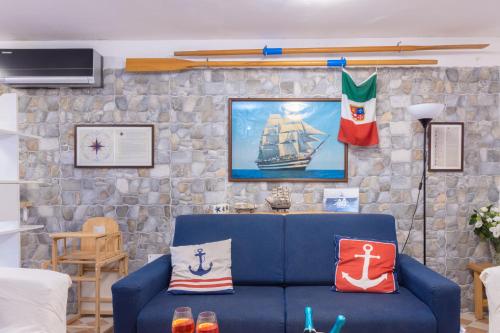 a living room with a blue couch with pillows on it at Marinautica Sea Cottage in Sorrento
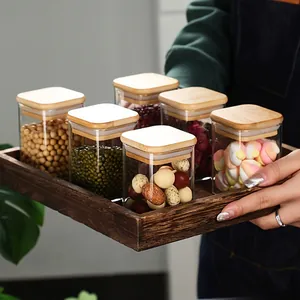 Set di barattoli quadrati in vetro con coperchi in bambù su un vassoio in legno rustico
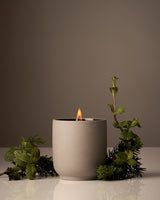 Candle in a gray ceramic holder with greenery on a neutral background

* * * *

What is needed is a word-for-word copy of the data above, free of any images.

## Task response
 a living room with a blue couch with pillows on it at Marinautica Sea Cottage in Sorrento
 Set di barattoli quadrati in vetro con coperchi in bambù su un vassoio in legno rustico
 Candle in a gray ceramic holder with greenery on a neutral background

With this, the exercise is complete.